Open source FPGA NVMe accelerator platform for BPF driven ML processing with Linux and Zephyr


Topics: Open FPGA, Open source tools

Machine learning typically operates on large amounts of data which often has to be moved back and forth between processing nodes and storage. This generates bottlenecks and costs in terms of both power and bandwidth. One trend is seeing compute units (CPUs, GPUs, FPGAs) get more built-in, dedicated memory, but there is a limit to how far this can be pushed; yet another is to try to interconnect compute with remote memory and storage more efficiently using interfaces such as CXL. Yet another one, described in this note, is processing data directly on storage devices - computational storage, or in-situ / in-storage computing, which allows you to process data on the fly, or perform computations directly on the stored data, without consuming compute resources and the associated back-and-forth.

Computational storage is particularly useful for unstructured data, i.e. images, videos or audio. With computational storage devices (CSD), deep learning models can be deployed for incoming data to e.g. detect, annotate and track objects present in images or video files. With the metadata coming from deep learning models, analysis and management of unstructured data can become much easier and faster.

One project Antmicro is involved with in this area has resulted in an open source FPGA in-storage compute development platform based Non-Volatile Memory Express (NVMe) for Berkeley Packet Filter (BPF) driven ML processing, employing Linux and Zephyr. The platform, codenamed Alkali, has already been presented at Linux Plumbers Conference and, now open source, can be a great starting point for developing a custom computational storage device.

Computational storage illustration

The NVMe US+ ML platform

NVMe is a high-performance, highly scalable protocol used for accessing high-speed storage media like SSDs. It was designed from the ground up for non-volatile memory media directly connected to the CPU via a PCIe interface which utilizes high speed lanes, and thus can offer transfer speeds more than two times higher than a SATA interface. The NVMe standard specification describes, among other things, all the basic commands required for communication with the storage device. The standard also supports defining vendor-specific commands that use a separate range of opcodes, which opens the path for adding new application-specific commands.

The framework described in this note targets a couple of Xilinx’s Zynq UltraScale+ MPSoC XCZU7EV based platforms, including the off-the-shelf ZCU106 development board. The XCZU7EV combines Xilinx’s UltraScale+ FPGA fabric with a Linux-capable quad-core ARM Cortex-A53, as well as dual-core ARM Cortex-R5 ideal for running an RTOS such as Zephyr, as well as a PCIe Gen3 endpoint which enables connecting to a PC host. Details about generating hardware description files and bitstreams can be found in a dedicated submodule of the Alkali project.

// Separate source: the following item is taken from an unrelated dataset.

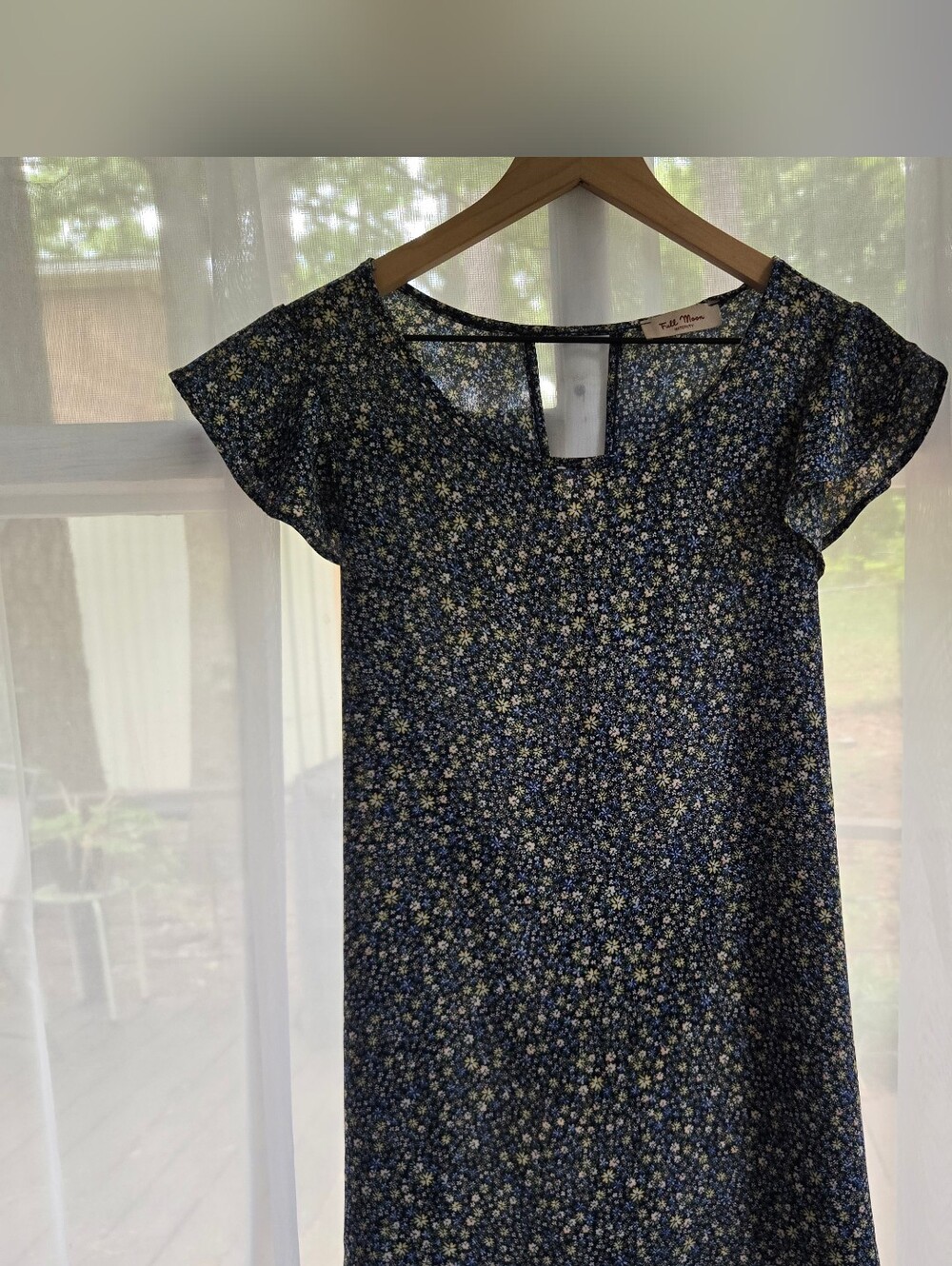 Full Moon Maternity blue & green floral print blouse with flutter sleeves.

NVMe system architecture diagram

The framework itself consists of 4 major components:

  • A PCIe core, which enables communication with the NVMe target controller,
  • An NVMe target controller, which consists of software running on a Real-time Processing Unit (RPU) core of the Ultrascale+ MPSoC, NVMe control registers IP and a PCIe DMA. The controller is responsible for handling the base NVMe commands,
  • Software running on an Application Processing Unit (APU) core using a Processing System Inter-processor interrupt (PS IPI) core. This piece of software is responsible for handling custom NVMe commands and running the accelerators,
  • Shared DDR memory that is used by both APU and RPU cores and serves as a buffer needed for the NVMe data to/from the host transfers.

To enable access from the host to the AXI interface of our target controller over PCIe, we needed some PCIe-AXI bridge IPs, useful for projects which require a high performance datapath. One such project, called Corundum, focuses on creating a high performance FPGA-based Network Interface Card (NIC).

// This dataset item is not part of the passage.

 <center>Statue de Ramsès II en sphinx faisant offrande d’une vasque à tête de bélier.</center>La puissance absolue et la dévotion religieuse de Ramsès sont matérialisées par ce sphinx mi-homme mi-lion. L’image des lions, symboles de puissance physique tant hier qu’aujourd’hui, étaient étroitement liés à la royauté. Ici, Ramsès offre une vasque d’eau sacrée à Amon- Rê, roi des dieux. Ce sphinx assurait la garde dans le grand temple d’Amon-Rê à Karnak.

At the base of the NVMe target controller is a Zephyr RTOS based application running on a Cortex-R5 RPU core. Since the accelerators are run on the APU, the RPU core needs to communicate with it. To achieve that, Antmicro used Open Asymmetric Multi-Processing (OpenAMP), which is an open source framework for developing software applications for AMP systems, hosted by the Linaro Community Projects division.

OpenAMP schematic

The APU runs a Linux system and is responsible for handling the custom NVMe commands dealing with the actual in-storage processing. To achieve the goal, the base NVMe command set had to be extended by several Admin and I/O commands to enable controlling the process of uploading, selecting, executing and collecting the results from the accelerators.

Accelerator firmware

To simplify the development of the accelerated processing code running on the platform, the APU runs an eBPF virtual machine.

Originally, the Berkeley Packet Filtering (BPF) project was created with the network packets filtering use case in mind - it allowed a user-space program to attach a filter to any socket in order to decide whether it should be allowed to come through that socket at a kernel level. The BPF filter definitions are compiled to bytecode that is later executed in a sandboxed environment, so they cannot harm the kernel.

Extended BPF (eBPF) extends the classic BPF so it is possible to safely add new features to the operating system at runtime, for use cases beyond just packet filtering. EBPF programs are nowadays used in system security, data tracing, metrics’ collection, packet processing, load balancing and more.

BPF programs can be written by hand, generated by packet filtering software, or compiled from C using the Clang compiler.

In this project Antmicro used a user-space BPF virtual machine, uBPF to provide BPF features to the APU core. BPF here is used to filter data coming from the host to the CSD and perform additional computations on it. Computation results are later stored in a specified place in the storage. UBPF can be easily extended with new functions, so the BPF code can delegate computations to the FPGA-based accelerator.

VTA deep learning accelerator

For accelerating deep learning operations on the NVMe US+ ML platform, we used the Versatile Tensor Accelerator (VTA) - an open source deep learning accelerator deployable on FPGAs. It is a parameterizable design that accelerates dense linear algebra operations. The VTA accelerator has four instructions:

  • LOAD - loads a two-dimensional tensor from DRAM into buffers,
  • GEMM (General Matrix Multiplication) - performs matrix multiplications,
  • ALU (Arithmetic Logic Unit) - performs various vector operations, such as MIN, MAX, ADD, MULTIPLY or SHIFT,
  • STORE - stores a two-dimensional tensor from the output buffer to DRAM.

It allows the deep learning runtime to accelerate the most computationally demanding deep learning layers like convolutional layers and fully-connected layers.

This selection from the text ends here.